HSC 2013 MX2 Marathon (archive) (3 Viewers)

Immortalp00n · Jan 5, 2013

Re: HSC 2013 4U Marathon

RealiseNothing said:
Sorry about that.

okay so sy failed me.
my remaining trust is in you, can i show off my m-deeeek here?

btx3 · Jan 5, 2013

Re: HSC 2013 4U Marathon

Immortalp00n said:
i came to this thread for d babes as per sy's sig
where them bad bitches at?

Sorry man, you were too late. The one available chick in this thread was unfortunately taken by realise just before you, i'll let you know when more babes get here

Immortalp00n · Jan 5, 2013

Re: HSC 2013 4U Marathon

btx3 said:
Sorry man, you were too late. The one available chick in this thread was unfortunately taken by realise just before you, i'll let you know when more babes get here

im disappointed in you lot.
but thanks for the offer <3

asianese · Jan 5, 2013

Re: HSC 2013 4U Marathon

Sy and Realise.. I think the lack of participation comes partly from the range of questions as well as - ITS THE HOLIDAYS! You guys probably forgot that bit

Sy123 · Jan 5, 2013

Re: HSC 2013 4U Marathon

GoldyOrNugget said:
I was playing around with these sorts of problems on the bus the other day, but I ended up confusing myself and didn't get very far.

Say you had a polynomial with roots $a_1, a_2, ..., a_n$ and you want to find a polynomial with roots $f(a_1), f(a_2), ..., f(a_n)$ (Sy's question would be a special case of this where $f(x) = x + \frac{1}{x}$ ).

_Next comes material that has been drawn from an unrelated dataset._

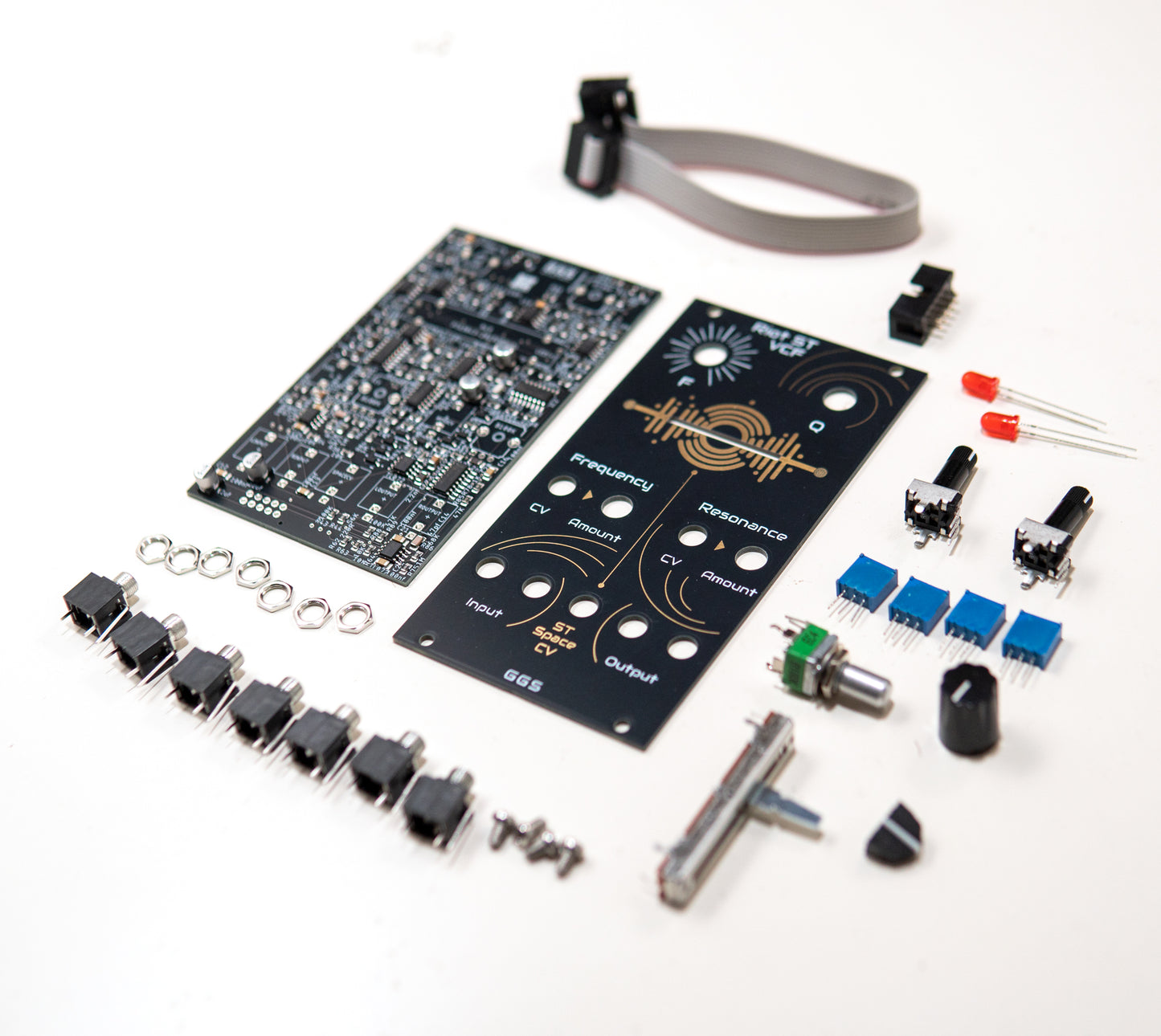 Angled photo of Riot ST VCF Full DIY Kit. Factory assembled SMD PCB and Front Panel surrounded  by all the THT components needed for this eurorack stereo filter module.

You can find an equation with these roots by replacing every instance of $x$ in the polynomial with $f^{-1}(x)$ (this is an interesting property to investigate/prove). In some cases, that equation can be algebraically manipulated into a polynomial without creating any new roots. This is why the trick of inverting coefficients works for $f(x) = 1/x$ -- it's a shortcut to replacing all $x$ terms with $1/x$ and multiplying out the resulting fractions.

When $f(x)$ isn't monotonic (meaning $f^{-1}(x)$ is not a function), it still works; I'm pretty sure you can choose a maximal interval on its domain over which it's monotonic (probably the wrong terminology) and use that for the inverse, because the only necessity is that $f^{-1}(f(x)) = x$ . Also, I'm not convinced that all equations generated in this manner can be manipulated into polynomials without creating new roots (for example, I had some trouble doing it with Sy's question, but I could have just messed up the algebra). Perhaps someone else will have more luck investigating this?

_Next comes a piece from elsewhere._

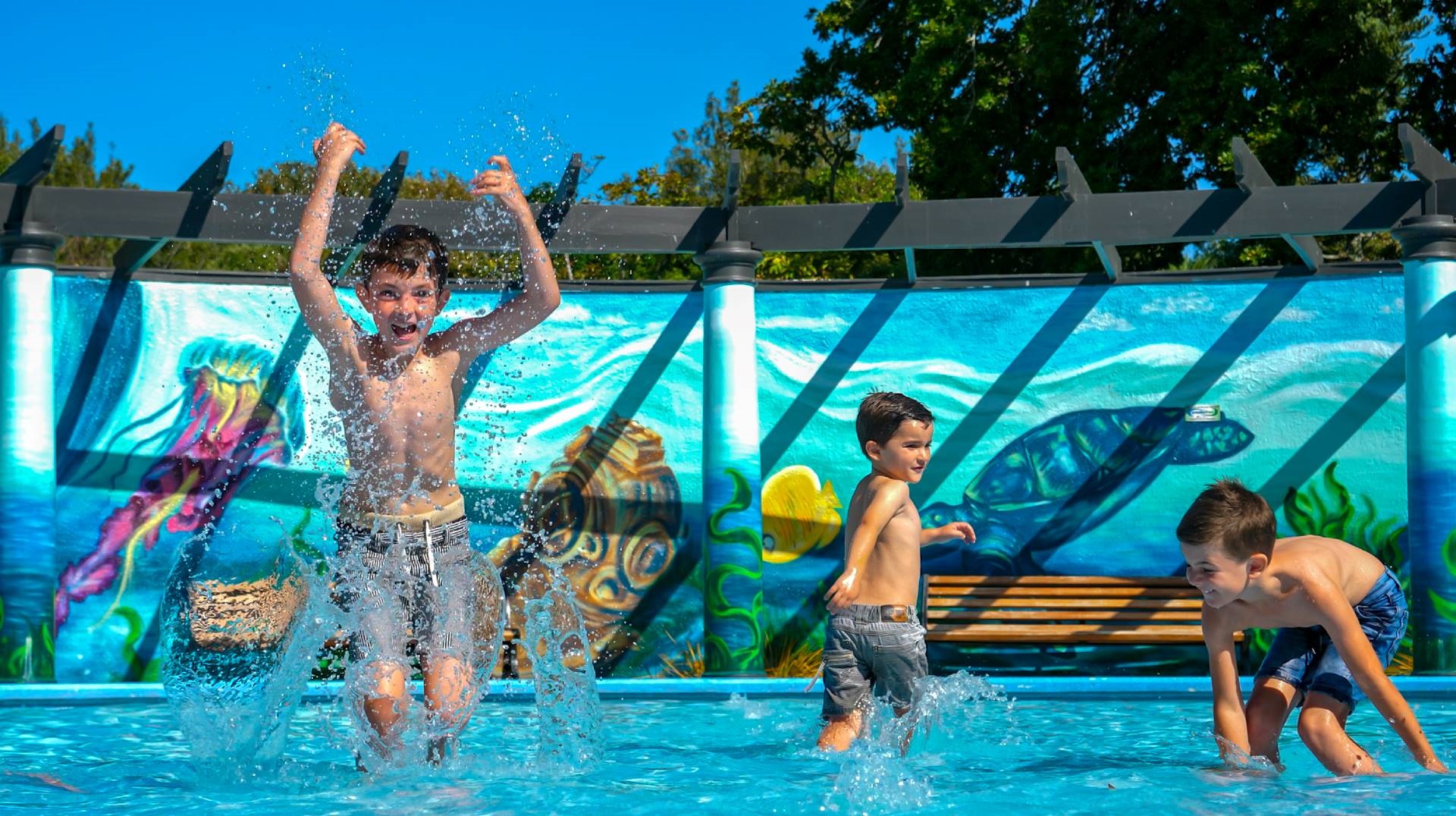 Photo shows children playing in the paddling pool.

It is relatively simple to prove the first result, and yes it is interesting.
I actually did try this method with my poly question but it didn't seem to output any encouraging results. And yes they probably are not able to be manipulated into polynomial form, but if they aren't in polynomial form - they should be infinitely differentiable right (not rigorous to assume this, but from what I have encountered thus far, they are infinitely differentiable) and hence we can somehow employ Newton's Method of Approximation an infinite number of times right? I have seen a question regarding this.

Proof of the first result:

$P(x)=\sum_{k=0}^{n} c_k x^k$

$$Roots in P$ \ \ \in (\alpha_1,\alpha_2, ... ,\alpha_n)$

Create a function in y, such that the roots are $$Roots in y$ \ \ \in (f(\alpha_1),f(\alpha_2), ... , f(\alpha_n))$

$y=f(\alpha_k) \ \ \alpha_k=f^ {-1}(y)$

$\therefore P(f^ {-1}(y)) = \sum_{k=0}^{1}c_k (f^ {-1}y)^ k$

Which has roots alpha_k for all integers k 0< k <= n

If f is not monotonic increasing/decreasing then we must define the inverse f-1 such in a domain(s) such that this domain stretches over all the roots.

I will explore this further later

seanieg89 · Jan 5, 2013

Re: HSC 2013 4U Marathon

Sy123 said:
It is relatively simple to prove the first result, and yes it is interesting.
I actually did try this method with my poly question but it didn't seem to output any encouraging results. And yes they probably are not able to be manipulated into polynomial form, but if they aren't in polynomial form - they should be infinitely differentiable right (not rigorous to assume this, but from what I have encountered thus far, they are infinitely differentiable) and hence we can somehow employ Newton's Method of Approximation an infinite number of times right? I have seen a question regarding this.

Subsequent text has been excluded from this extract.